Osmanlı’yı Cihan Devleti Yapan 150 Sır
Osmanlı… Kazandığı veya kaybettiği savaşları okumaktan muazzam kültürel zenginliğini henüz keşfedemediğimiz bir dünya devleti. Siyasi hayatı sona ermiş olmasına rağmen dünyanın hálá yararlandığı koca bir çınar. Biz ise önyargılarımızı aşamadığımızdan bu büyük mirası uzun süre reddettik. Bakın Yaban, Kiralık Konak gibi romanlarında eskiyle pek barışık olmadığını açıkça belirten Yakup Kadri Karaosmanoğlu ne diyor:
‘Osmanlı tarihi baştan başa bir fazilet kitabıdır. Acaba nasıl olmuş da bu tarih bütün dünya tarafından; bizim tarafımızdan bile ters anlaşılmıştır.’
Ama artık bizim insanımız da, çok yavaş da olsa, Osmanlı’yı öğreniyor. Öğrenmekle kalmıyor, Osmanlı’dan yararlanma yoluna gidiyor.
Osmanlı ile ilgili bugüne kadar çok kitap yazıldı. Ancak bunların çoğu siyasi tarih konuları, yani savaş ve barışları içeriyor. Osman Gazi’den II. Viyana yenilgisine kadar olan süreçte (1299-1683) elde edilen zaferler büyük bir zevk ve gururla okunuyor, anlatılıyor. Ya sonraki dönem… Karlofça (1699), Pasarofça (1718), Küçük Kaynarca (1774), Berlin (1878) Antlaşmaları… Büyük bir üzüntüyle okuruz bu antlaşmaların öncesini ve sonrasını… İşin daha da ilginci Osmanlı’nın siyasi tarihini öğrenmeye verdiğimiz önem kadar, bu konulardan yararlanma olasılığımız aynı ölçüde değil.
Oysa Osmanlı’nın yönetim anlayışı, adalet, ekonomi, sanat, eğitim alanlarında yapılan uygulamaları devlet, toplum, hatta bireylere yarar sağlamaktadır. Nitekim başta günümüzün süper gücü ABD olmak üzere birçok ülkenin Osmanlı uygulamalarından yararlandığı bilinmektedir. Sadece ABD mi?.. Tabii ki hayır!.. Japonya, AB devletleri, Arap devletleri… Son yıllarda Osmanlı arşivinde çalışan araştırmacıların bu ülkelerden ağırlıklı olması, bunun en somut göstergesidir.

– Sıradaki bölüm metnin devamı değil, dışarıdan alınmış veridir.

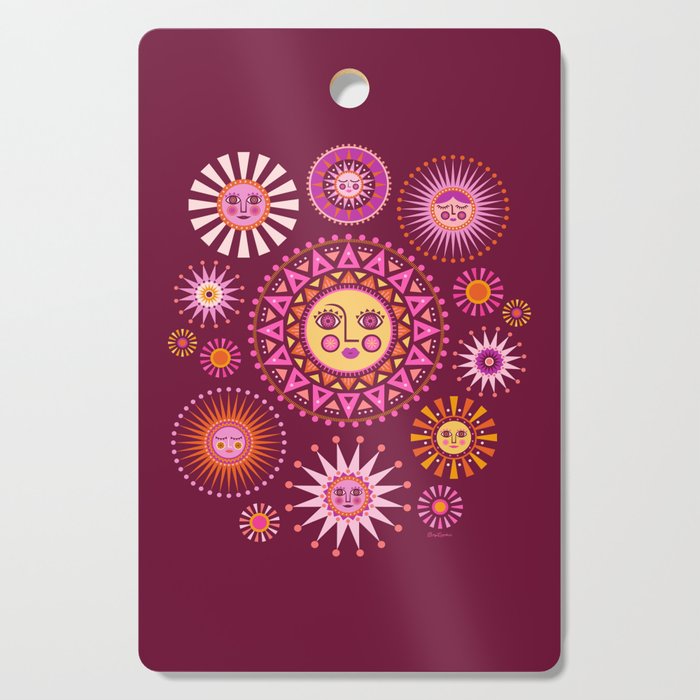Retro Sun Faces - Pink and Magenta Cutting Board Gallery Image 1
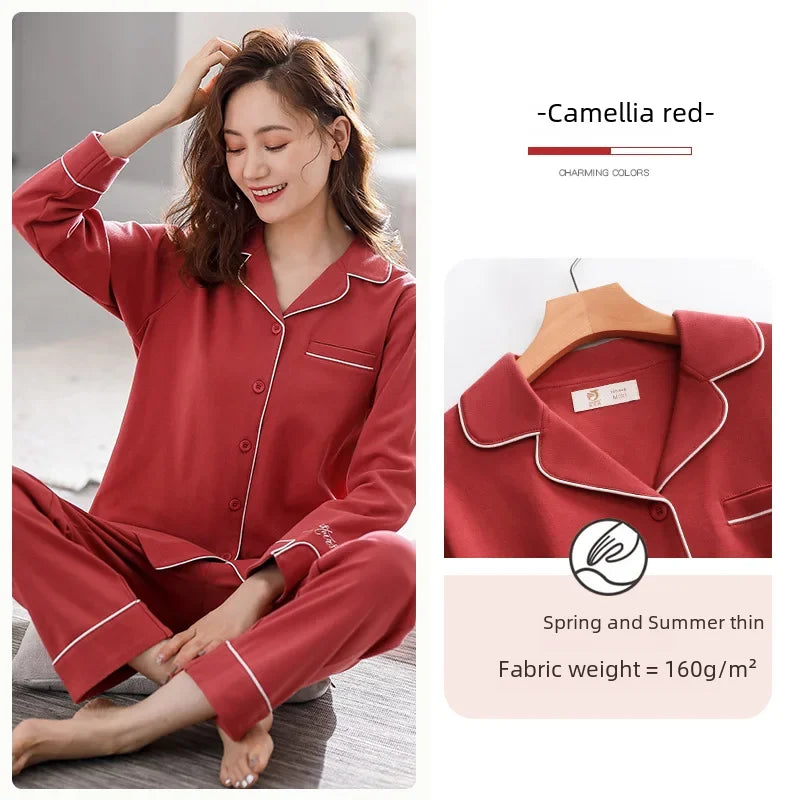 Ladies' 100% Cotton Long Sleeve Pajama Set For Autumn/winter Thin Autumn Collection Women's Homewear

Osmanlı’yı Cihan Devleti Yapan 150 Sır kitabında, ‘keşfi devam eden bir kıta’ olan Osmanlı kültür ve medeniyetinin idari, toplumsal, ekonomik, eğitim, kültür ve sanat müesseseleri konu edilmektedir.
Sadece tarihe ilgi duyanların değil, ‘başarıyı yakalamak isteyen herkesin okuyacağı bir kitap.’
Yalancı şahitliğin cezası ağırdı
Yalancı şahitliği belirlenen şahıs, Kadı’nın emriyle muhzırlar (adlî polis) tarafından uyuz bir eşeğe bindirilmekte, suçunu bağıran bir tellálın eşliğinde, bulunduğu şehrin caddelerinde dolaştırılıp teşhir edildikten sonra serbest bırakılmaktaydı. Böyle bir şahıs, hayatının sonuna kadar şahitlik etmek hakkını kaybetmekteydi. Yalancı şahitliği devlet güvenliğini sıkıntıya sokacaksa hapis, padişahın şahsına zarar verecekse idam edilmekteydi.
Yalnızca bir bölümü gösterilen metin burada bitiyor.